Alan Richardson, University of British Columbia;
Raquel Baldwinson, University of British Columbia
Sharon Doucet, University of British Columbia
Nicholas Fitz, University of British Columbia
Jordan Howell, University of British Columbia
Adrian Lou, University of British Columbia
Silvia Moreno-Garcia, University of British Columbia
Shoshana Deutsh, Cornell University
Posted: September 7, 2015
Much canonical STS work explores the conditions and contours of knowledge production, arguing that knowledge-making networks have many agencies: knowledge is produced in a way that reflects an entanglement of stakeholders, that serves political ends, that responds to practical constraints, that (re)produces epistemological hierarchies, that motivates action or that enables the status quo.
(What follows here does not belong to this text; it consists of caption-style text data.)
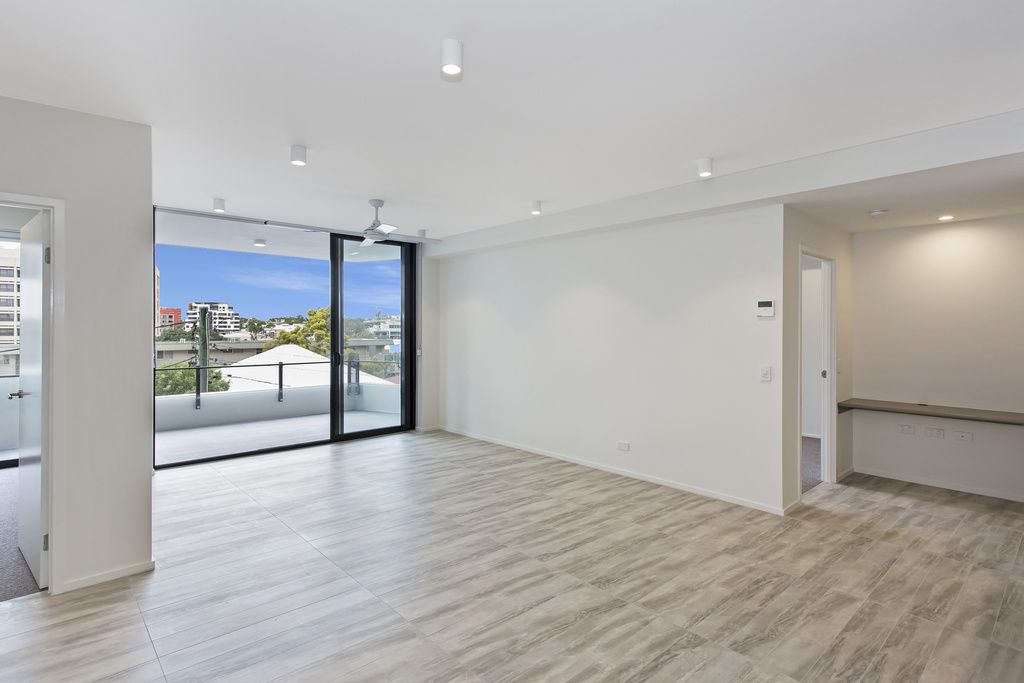 301/36 Anglesey Street, Kangaroo Point QLD 4169 Apartment For Rent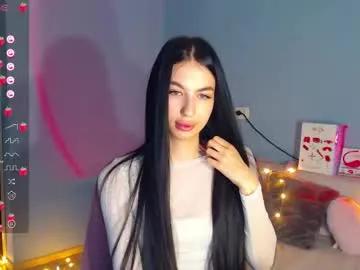 Avatar of karolina_hottie_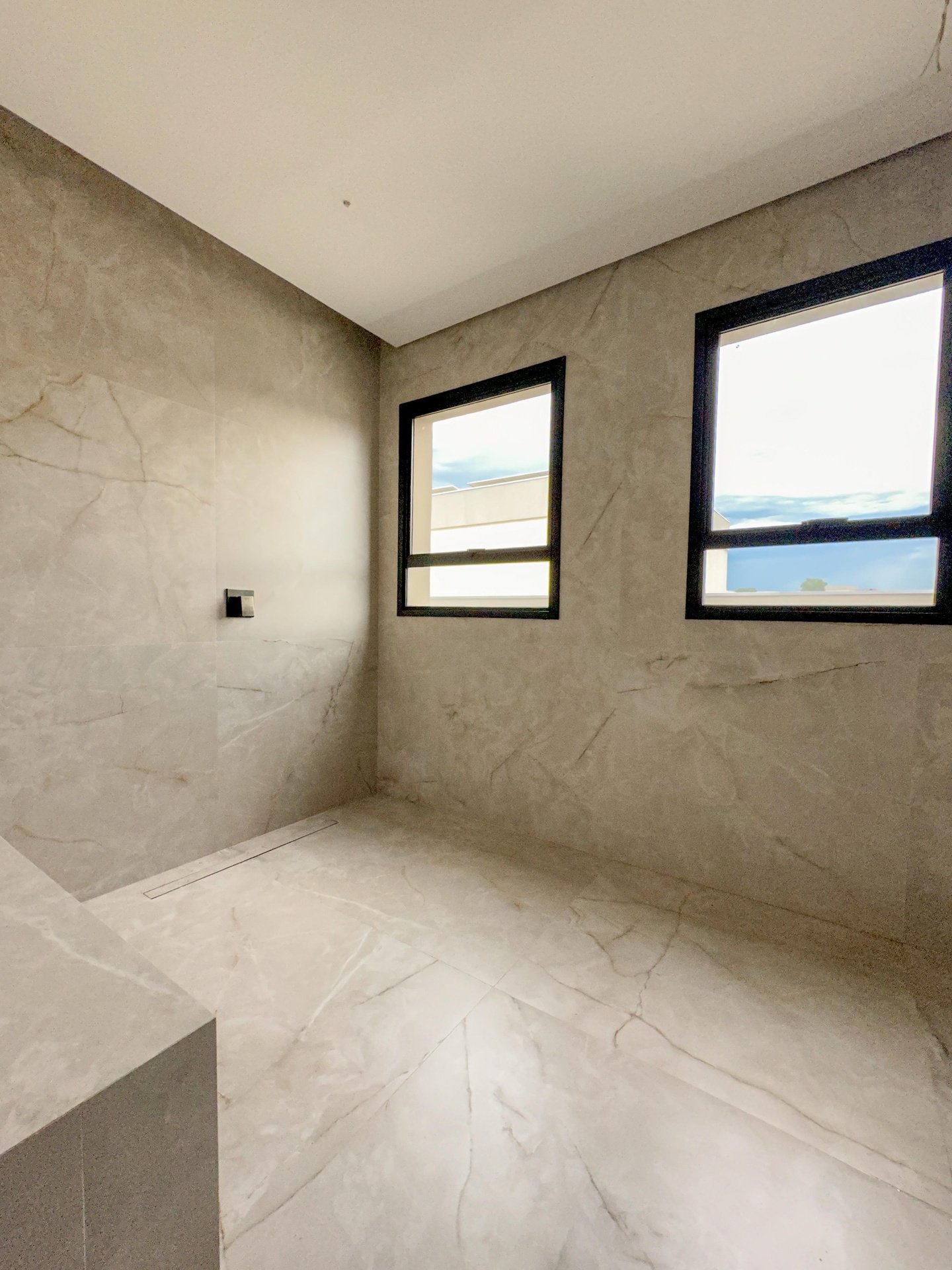 Casa de Condomínio à venda com 4 quartos, 635m² - Foto 25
Within this framework of identifying, understanding, and ameliorating issues within knowledge-making networks, each member of our team chose a site of knowledge-production about science in the Vancouver area and investigated its knowledge-making networks. On our project website, our team members each construct a critical digital exhibit, in which they display their identifications, connections, understandings, critiques and revisions in a way that addresses issues within each site of knowledge-production. This project began as a course in UBC’s graduate program in STS and was made possible by the UBC Centre for Community Engaged Learning and our community partners.